Todavía no entiendo cómo la RAE se resiste a aceptar y a adaptar el vocablo, tan extendido ya, y, en cambio, no tuvo tantos miramientos al hacerlo con términos como “cederrón” (CD-ROM) o con otros que parece que también llegarán: “cedé” (CD), “deuvedé” (DVD) o “uesebé” (USB), verbigracia (nunca mejor dicho eso de “verbigracia”). Si en su lema la Academia se jacta de limpiar, fijar y dar esplendor al idioma, traiciona al menos una de esas tres intenciones. Porque parece difícil fijar palabras que claramente tienen fecha de caducidad a corto plazo, como todo aquello que está vinculado al vertiginoso mundo de la informática. En cambio la figura del “freaky” promete perpetuar su progenie mientras el hombre sea hombre. Por eso, proponemos desde estas páginas que la Academia incorpore al diccionario la entrada “friqui”, así, con nuestra “qu” y nuestra “i”, tan latina ella. Y para que el acto de investidura de nuestra flamante palabra se produzca con todos los honores y merecimientos, proponemos también que el garante de tal iniciativa sea el académico que ocupe el asiento “ye” de la ilustre institución.

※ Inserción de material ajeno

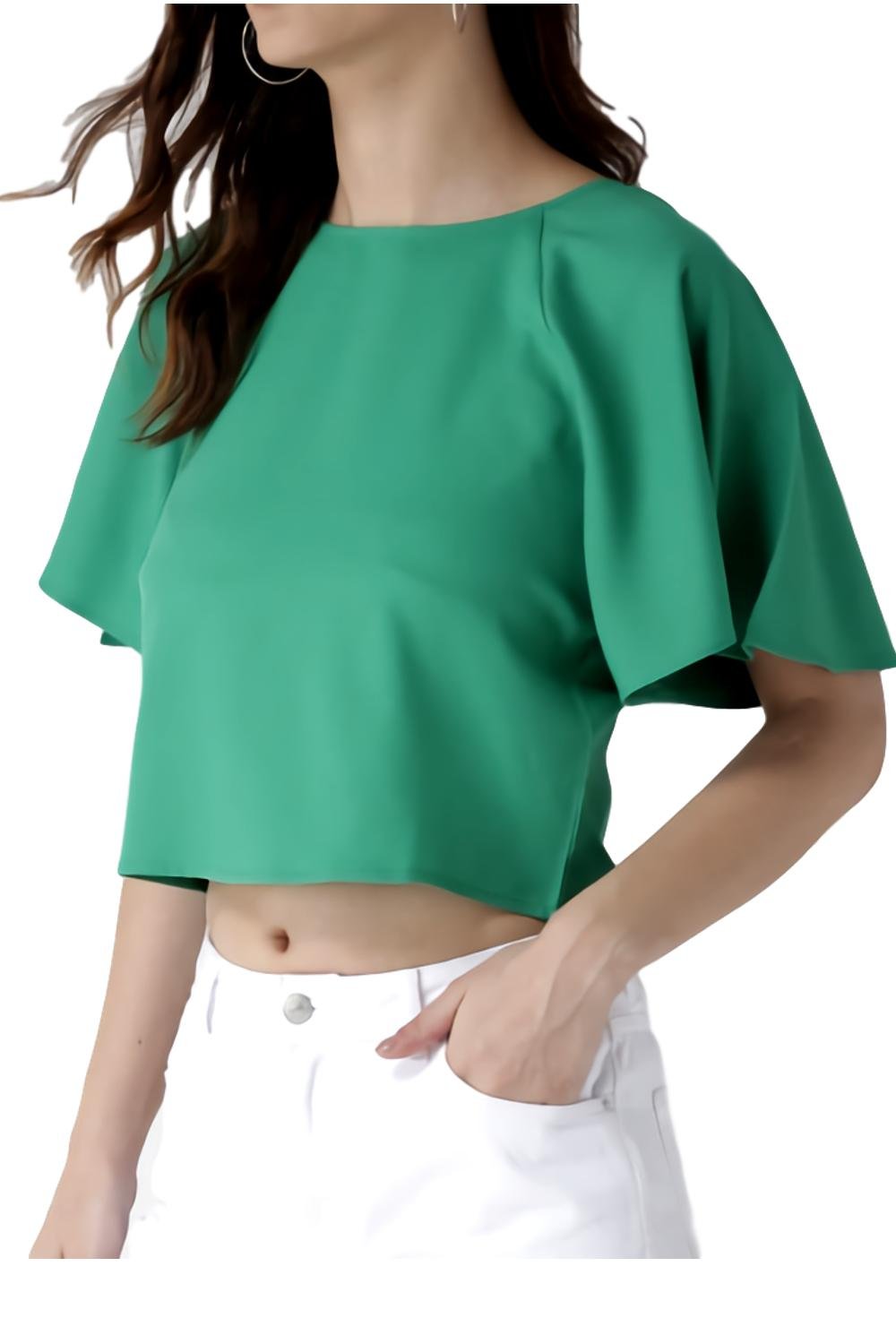 Basic Sense Women's Poly Crepe Croptop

De ese modo, los “friquis” de la Literatura Española, respirarán tranquilos al ver legitimada ortográficamente su condición y podrán también definir su catálogo de rarezas desde el nuevo marbete. Porque de éstos también los hay y son fácilmente reconocibles. He aquí algunas pistas.
El friqui literario ha desarrollado un alargamiento de cuello producido por su indisimulado e impudoroso interés por conocer los títulos de las lecturas ajenas; este ritual lo suelen realizar en el interior de autobuses o trenes. Proyectan sus viajes de placer de acuerdo a rutas literarias; en el bolsillo trasero del pantalón puede apreciarse cómo sobresale la cartilla de sellado del Camino del Cid o de la Ruta del Quijote, por ejemplo. Son fetichistas: las almohadillas para el ratón del ordenador, protectores de pantalla, llaveros, camisetas, adhesivos para el coche y demás, tendrán estampado algún motivo literario. Jamás pagarán con un euro que tenga la efigie de Cervantes en el reverso porque Cervantes no es moneda de cambio. Su música preferida es aquella que versiona a los grandes poetas pero los poetas cantan mejor que los cantantes. Llaman a sus hijos Alonso o Inés, porque son nombres que suenan muy literarios; los más friquis los extraen del catálogo de las églogas. Sus facturas de la luz suelen ser altas: duermen con el libro abierto sobre el pecho y la lamparilla encendida. Se reúnen en cenáculos que tienen algo de secta clandestina; a esto lo llaman tertulias o veladas. No se ofenden si les llamamos ratas porque son “ratas de biblioteca” y jamás encuentran la fórmula eficaz para ordenar con coherencia la suya doméstica; si no caben los libros en la habitación se plantean si la cama es prescindible. El libro es siempre mejor que la película. Suelen usar gafas, no desean operarse de la vista (jamás asumirían ese riesgo) y se lamentan de que ya no existan los quevedos. Un clásico jamás será un Madrid-Barça. La lectura es un ritual místico y el libro digital es una herejía. Desean escribir pero se apocan porque conocen la belleza con mayúscula. Finalmente, se marchitarían sin los libros porque, pensándolo bien, a ellos tanto se les da si la Academia introduce la palabra “friqui” o no en el diccionario: ellos prefieren llamarse “letraheridos”.